• [WHAT TO DO]
Everything from the first line of the material to the line containing "Hisashi Eguchi Animation Background Drawings", inclusive, must be given again exactly; no pictures, and nothing past that line.
━━━━━━━━━━
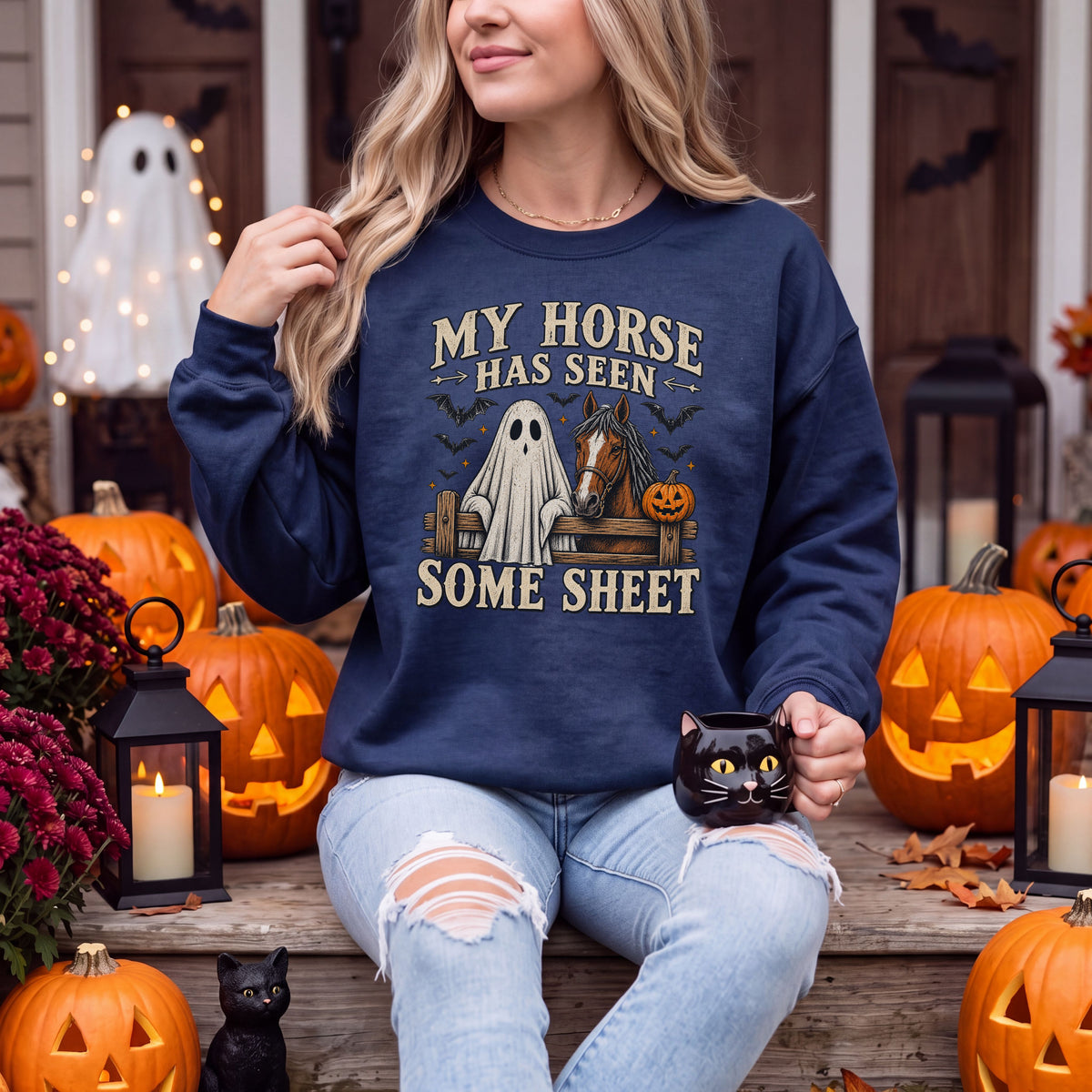 My Horse Has Seen Some Sheet Crewneck Sweatshirt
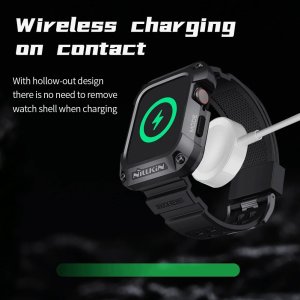 Uniq NILLKIN ETUI DYNAGUARD WRISTBAND APPLE WATCH 44mm/4/5/6, BLACK / CZARNY 3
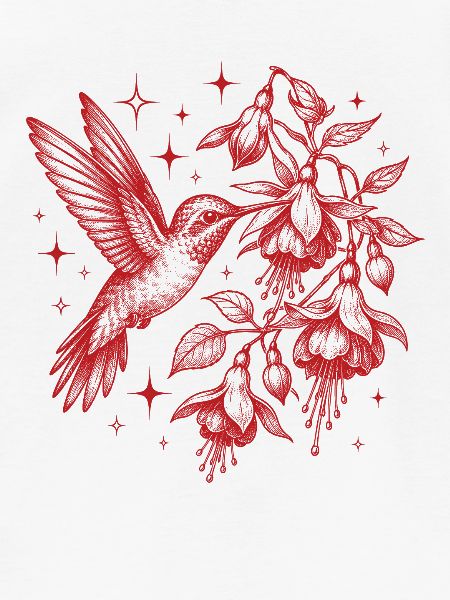 Kolibri-Blumen Vogelbeobachter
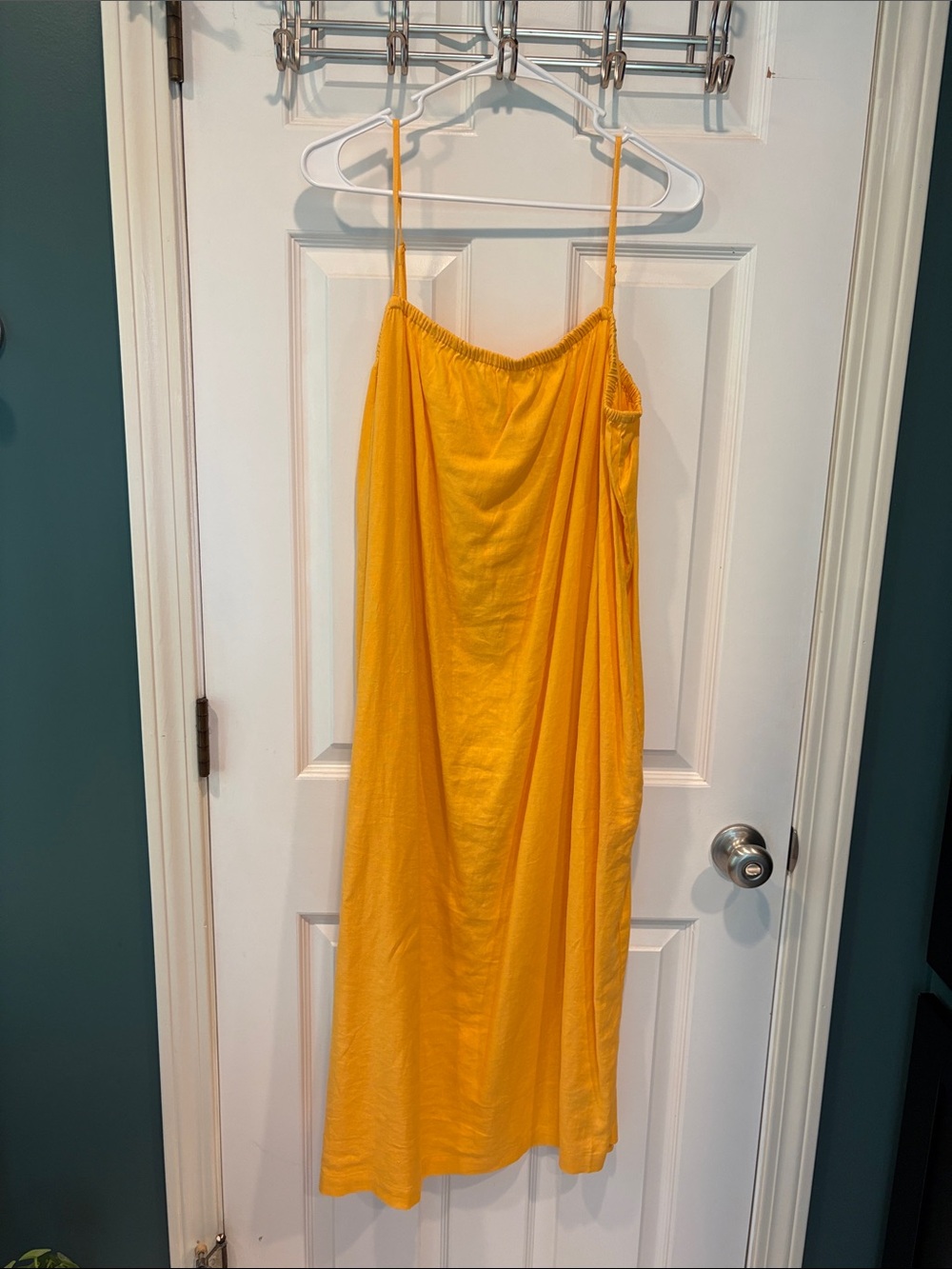 A New Day Sunshine Yellow Spaghetti-Strap Midi Dress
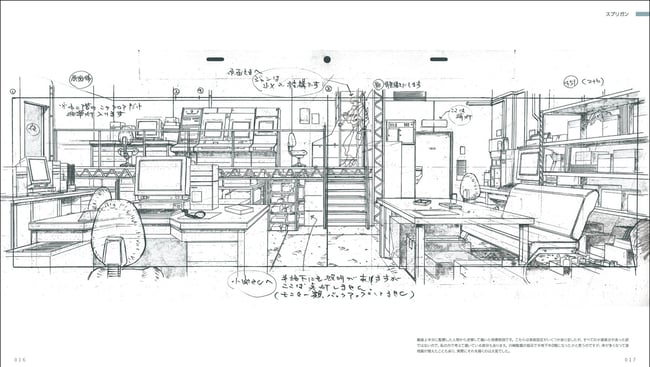 Hisashi Eguchi Animation Background Drawings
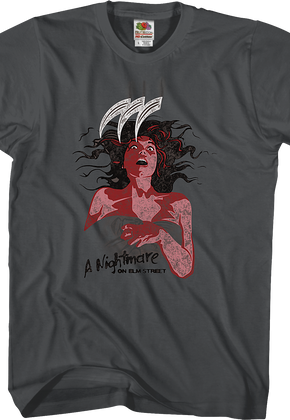 Illustrated Poster Nightmare On Elm Street T-Shirt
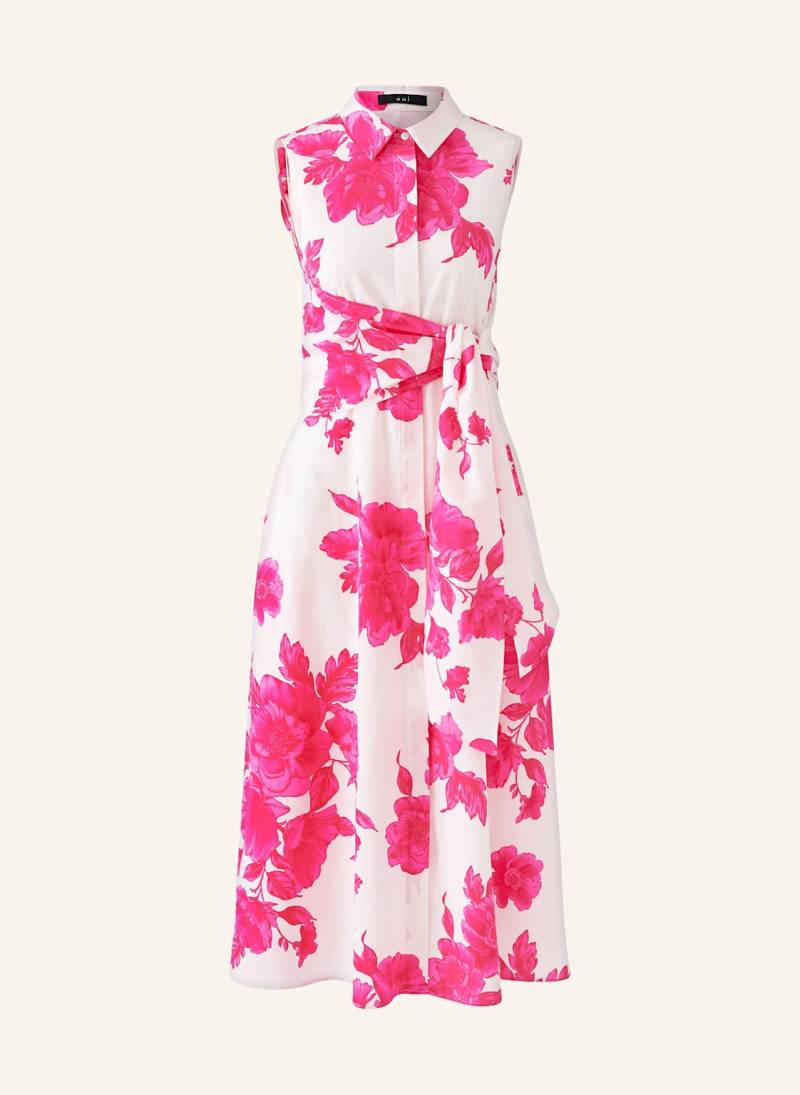 Oui Hemdblusenkleid pink von Oui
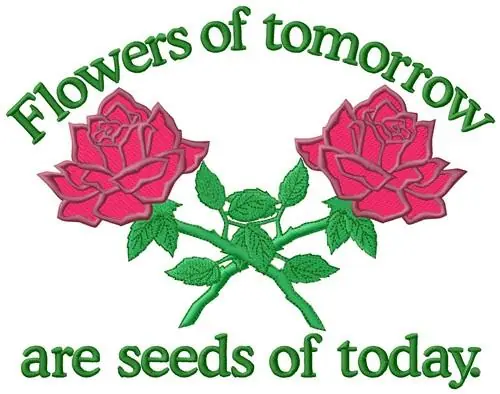 Flowers Tomorrow Embroidery Design Mega Sale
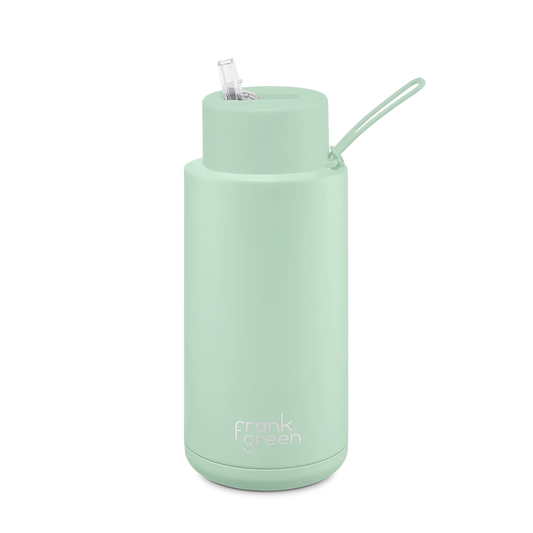 Stainless Steel Ceramic Reusable Bottle 34oz 1L Mint Gelato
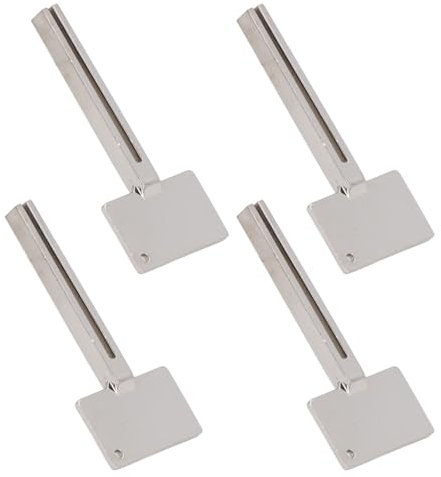Presse-clés de Dentifrice en Acier Inoxydable, 12 Pièces, Rouleaux, Presse-Tube Ergonomique et Robuste en Métal
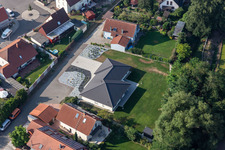 Vue aérienne de Dans les bois à Rheinzabern dans le département Rhénanie-Palatinat, Allemagne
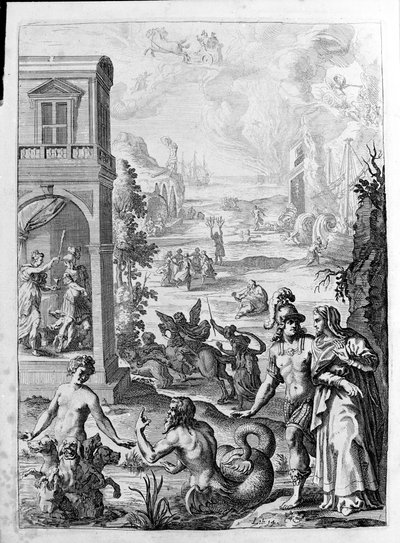 Ovidio - ilustración para el libro 15 - nota de Thomas Farnaby de Unknown artist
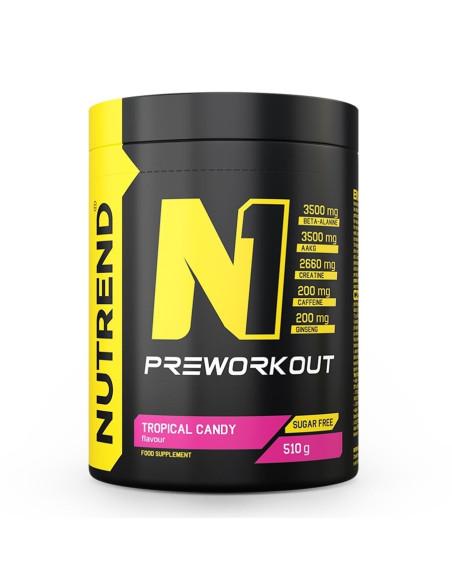 N1 Pre-Workout, Tropical Candy - 510g | Nutrend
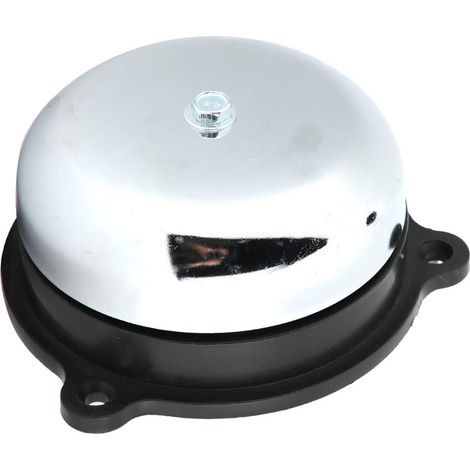 100mm 4in anneau électrique temps cloche sans étincelle signal d'alarme en acier inoxydable cloche électrique maison sonnettes de grève interne pour les agences d'usine scolaire(220V) (1/5)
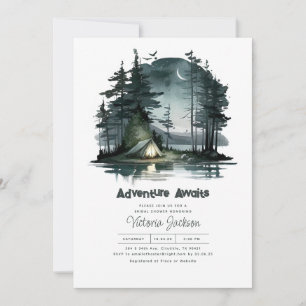Invitación Aventura a la naturaleza del cielo nocturno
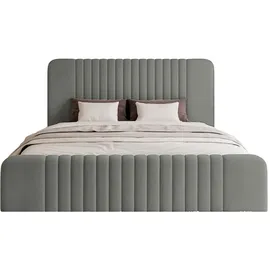 FEDVE Polsterbett, Grau, Textil, 140x200 cm, Schlafzimmer, Betten, Polsterbetten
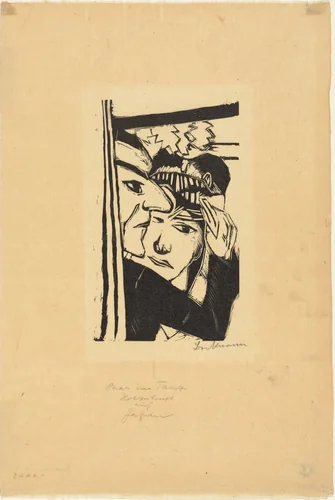 Dancing Couple (Tanzendes Paar) by Max Beckmann, print, 1922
━━━━━━━━━━
• [ANSWER SPACE]
 My Horse Has Seen Some Sheet Crewneck Sweatshirt
 Uniq NILLKIN ETUI DYNAGUARD WRISTBAND APPLE WATCH 44mm/4/5/6, BLACK / CZARNY 3
 Kolibri-Blumen Vogelbeobachter
 A New Day Sunshine Yellow Spaghetti-Strap Midi Dress
 Hisashi Eguchi Animation Background Drawings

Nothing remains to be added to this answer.